• STORED DATA
□ □ □ □

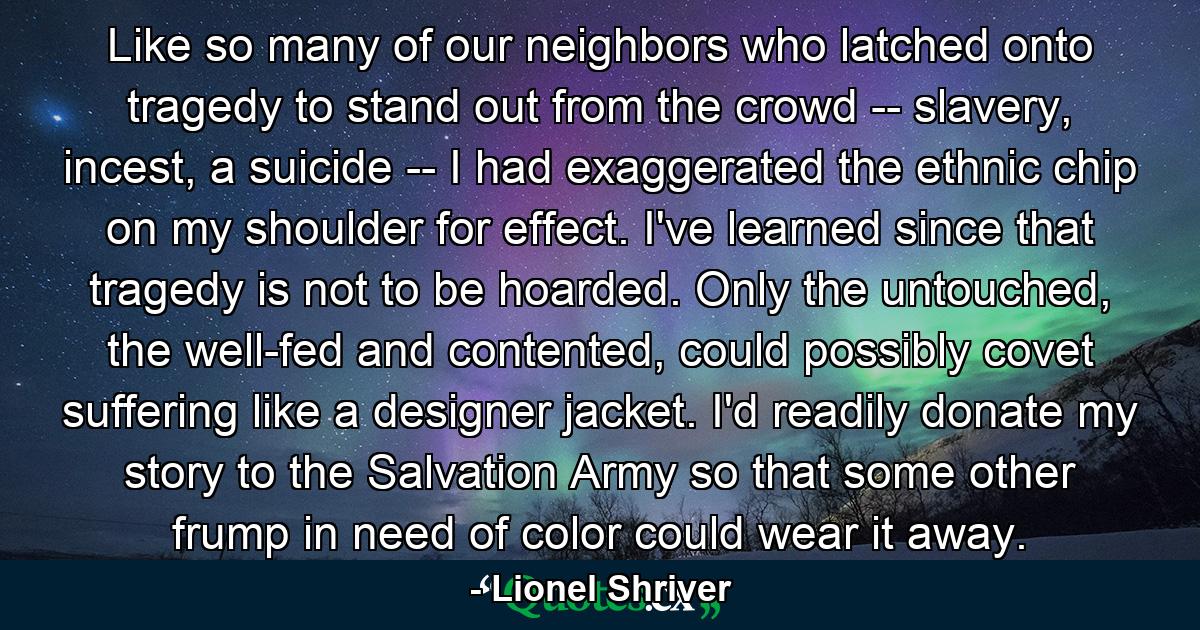 Like so many of our neighbors who latched onto tragedy to stand out from the crowd -- slavery, incest, a suicide -- I had exaggerated the ethnic chip on my shoulder for effect. I've learned since that tragedy is not to be hoarded. Only the untouched, the well-fed and contented, could possibly covet suffering like a designer jacket. I'd readily donate my story to the Salvation Army so that some other frump in need of color could wear it away. - Quote by Lionel Shriver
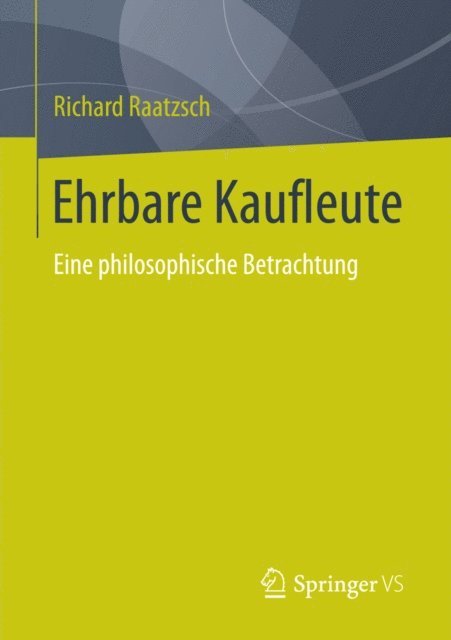 Richard Raatzsch - Ehrbare Kaufleute, E-bok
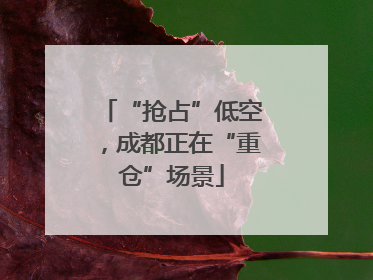 “抢占”低空，成都正在“重仓”场景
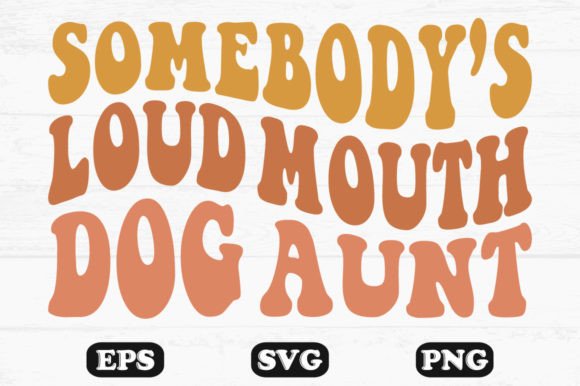 Loud Mouth Dog Aunt Svg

□ □ □ □

• YOUR ASSIGNMENT
All of the material above must be given again verbatim, except for the pictures.

• RESPONSE AREA
 Like so many of our neighbors who latched onto tragedy to stand out from the crowd -- slavery, incest, a suicide -- I had exaggerated the ethnic chip on my shoulder for effect. I've learned since that tragedy is not to be hoarded. Only the untouched, the well-fed and contented, could possibly covet suffering like a designer jacket. I'd readily donate my story to the Salvation Army so that some other frump in need of color could wear it away. - Quote by Lionel Shriver
 Richard Raatzsch - Ehrbare Kaufleute, E-bok
 “抢占”低空，成都正在“重仓”场景
 Loud Mouth Dog Aunt Svg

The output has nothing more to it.